En tout état de cause,

condamner les défendeurs aux entiers dépens,

ordonner, vu l’urgence, l’exécution provisoire de l’ordonnance sur minute.

Par ordonnance réputée contradictoire du 14 février 2023, le juge des référés du tribunal de commerce de Bobigny, a :

– rejeté la demande de rétractation de l’ordonnance du président près le tribunal judiciaire de Bobigny en date du 19 septembre 2022 (minute 2022017350) ;

– débouté les parties de leurs autres demandes ;

– débouté les parties de toutes leurs prétentions incompatibles avec la motivation ci-dessus retenue ou le présent dispositif ;

– laissé les dépens à la charge de M. [U] et de la société M&KZN Holding ;

– liquidé les dépens à recouvrer par le greffe à la somme de 109,94 euros TTC (dont 18,32 euros de TVA).

Par déclaration du 21 mars 2023, M. [U] et la société M&KZN Holding ont interjeté appel de cette décision.

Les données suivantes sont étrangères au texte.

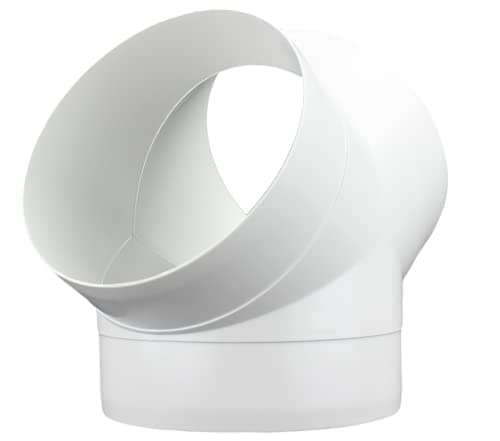 Image of Fantronix 150mm (6”) Equal Y-Piece Duct Connector – White Plastic 45° Ventilation Splitter for Extractor Fans & Cooker Hoods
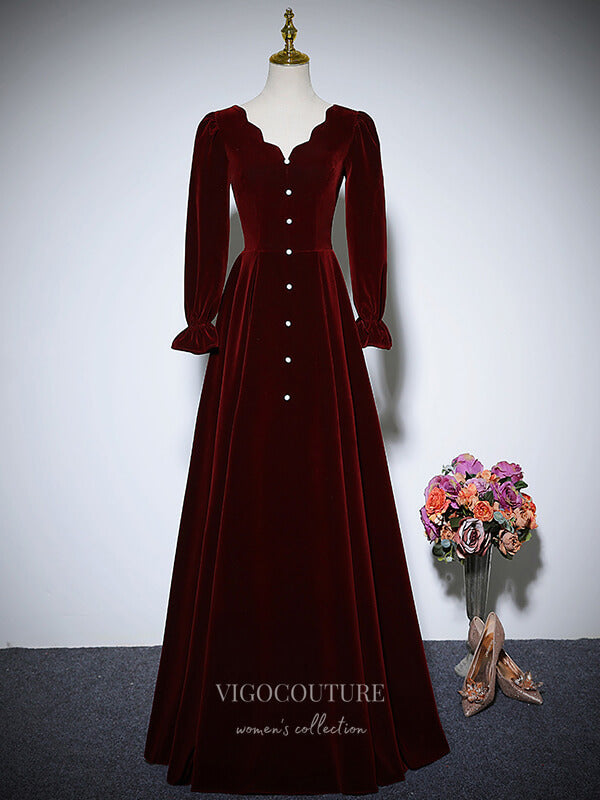 Prom Dress 2025 Burgundy Velvet Prom Dresses Long Sleeve Formal Dresses 21055-unique elegant Prom Dresses-Burgundy-Custom Size-vigocouture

Dans leurs dernières conclusions remises et notifiées le 3 mai 2023, ils demandent à la cour, au visa des articles 496, 497 et 875 du code de procédure civile, de :

– infirmer l’ordonnance du 14 février 2023 en ce qu’elle a rejeté la demande de rétractation, formée par M. [U] et la société M&KZN Holding, à l’encontre de l’ordonnance du président du tribunal de commerce de Bobigny en date du 19 septembre 2022 (minute 2022017350) ;

– infirmer l’ordonnance de référé du 14 février 2023 en ce qu’elle les a déboutés de leurs autres demandes ;

– infirmer l’ordonnance de référé du 14 février 2023 en ce qu’elle les a déboutés de toutes leurs prétentions jugées incompatibles avec la motivation retenue ou le dispositif de la dite ordonnance du 14 février 2023 ;

– infirmer l’ordonnance de référé du 14 février 2023 en ce qu’elle a laissé les dépens à leur charge ;

Statuant à nouveau,

A titre principal,

– rétracter l’ordonnance (minute 2022O17350) rendue le 19 septembre 2022 par le président du le tribunal de commerce de Bobigny ;

– rejeter la demande de prolongation de la mission de Me [Z] ;

– rejeter la demande de Me [Z] de se voir autoriser à signer tout mandat de gestion avec la Dialoise ;

– annuler le mandat de gestion signé par Me [Z] avec la Dialoise le 22 septembre 2022 ;

A titre subsidiaire,

– modifier l’ordonnance (minute 2022O17350) rendue le 19 septembre 2022 par le président du tribunal de commerce Bobigny ;

– accepter la demande de prolongation de la mission de Me [Z], mais ce uniquement jusqu’à la date de dépôt du rapport définitif à intervenir de M. [W] et au plus tard le 31 juillet 2023 ;

– rejeter la demande de Me [Z] de se voir autoriser à signer tout mandat de gestion avec la Dialoise ;

– annuler le mandat de gestion signé par Me [Z] avec le Dialoise le 22 septembre 2022 ;

En tout état de cause,

– condamner les défendeurs aux entiers dépens.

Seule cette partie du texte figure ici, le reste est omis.